--- GIVEN RECORDS Enclosed Below ---

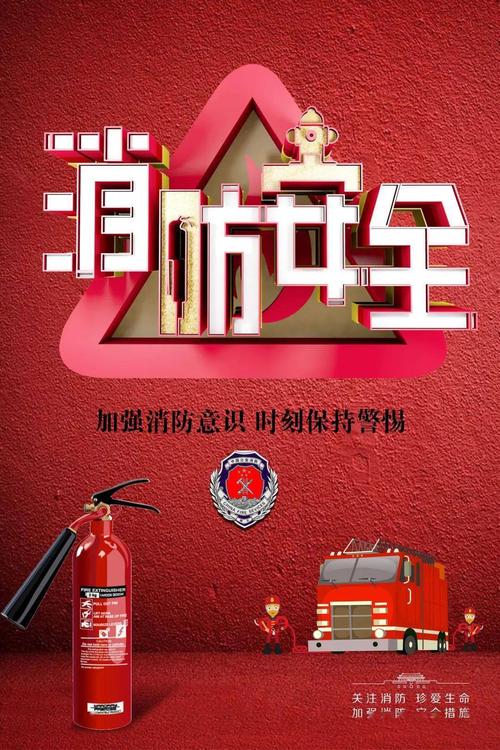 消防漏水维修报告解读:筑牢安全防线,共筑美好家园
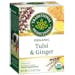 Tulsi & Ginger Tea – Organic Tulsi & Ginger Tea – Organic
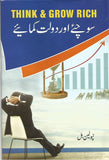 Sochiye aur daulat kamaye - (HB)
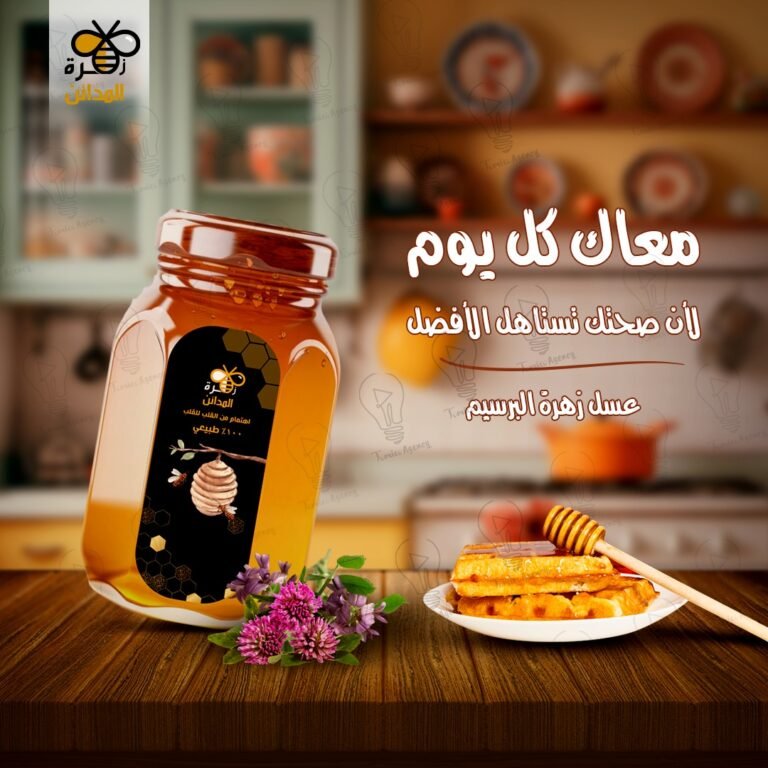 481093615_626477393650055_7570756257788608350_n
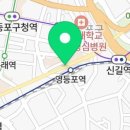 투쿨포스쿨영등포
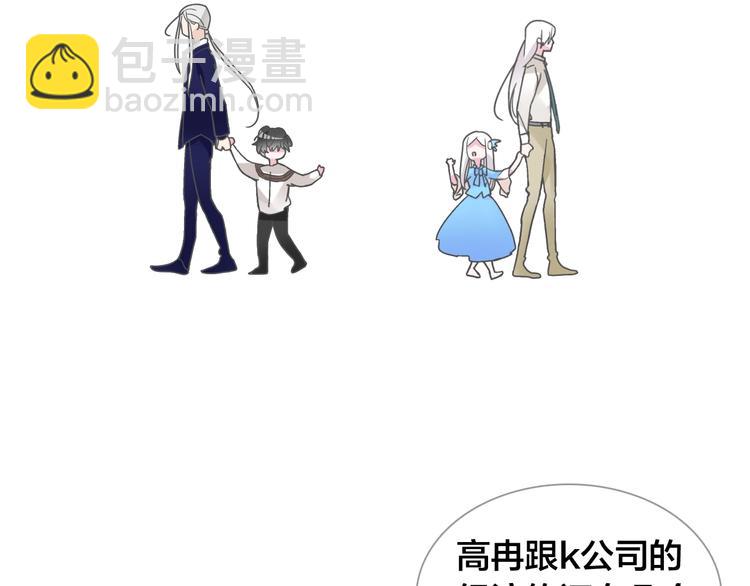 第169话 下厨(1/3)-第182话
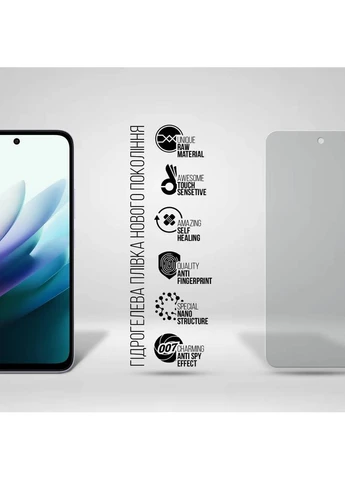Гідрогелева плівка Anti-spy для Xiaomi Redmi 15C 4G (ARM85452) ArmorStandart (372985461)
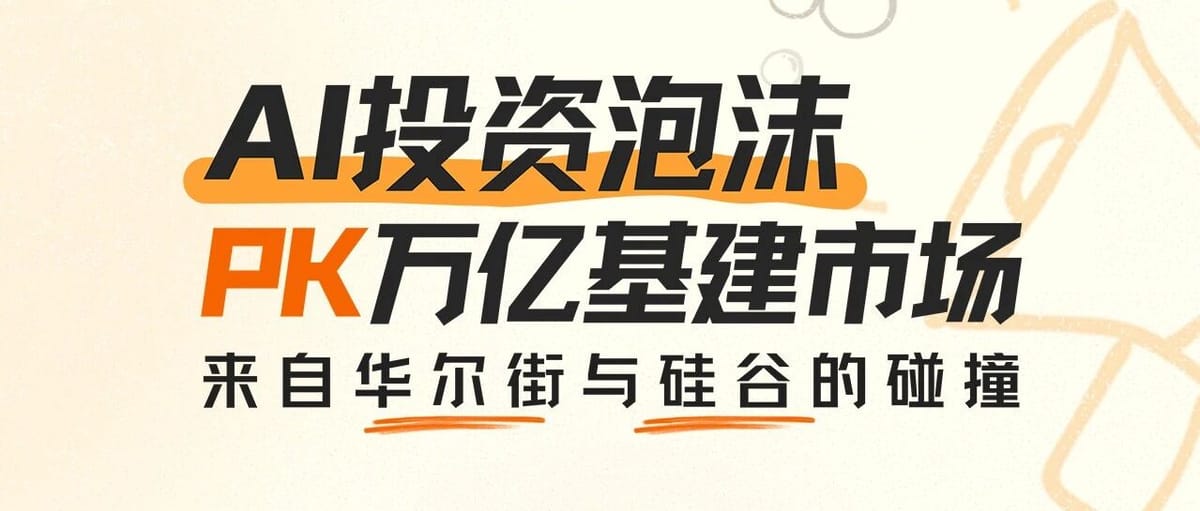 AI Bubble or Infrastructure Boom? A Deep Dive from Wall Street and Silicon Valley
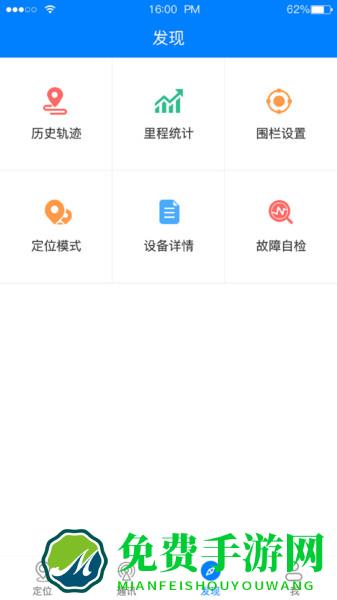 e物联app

--- End of Enclosed GIVEN RECORDS ---

If a record holds a picture, leave the picture out and transcribe everything else exactly.

* [RESPONSE FOR THIS EXERCISE]:
 消防漏水维修报告解读:筑牢安全防线,共筑美好家园
 Tulsi & Ginger Tea – Organic Tulsi & Ginger Tea – Organic
 Sochiye aur daulat kamaye - (HB)
 481093615_626477393650055_7570756257788608350_n
 투쿨포스쿨영등포
 第169话 下厨(1/3)-第182话
Гідрогелева плівка Anti-spy для Xiaomi Redmi 15C 4G (ARM85452) ArmorStandart (372985461)
 AI Bubble or Infrastructure Boom? A Deep Dive from Wall Street and Silicon Valley
 e物联app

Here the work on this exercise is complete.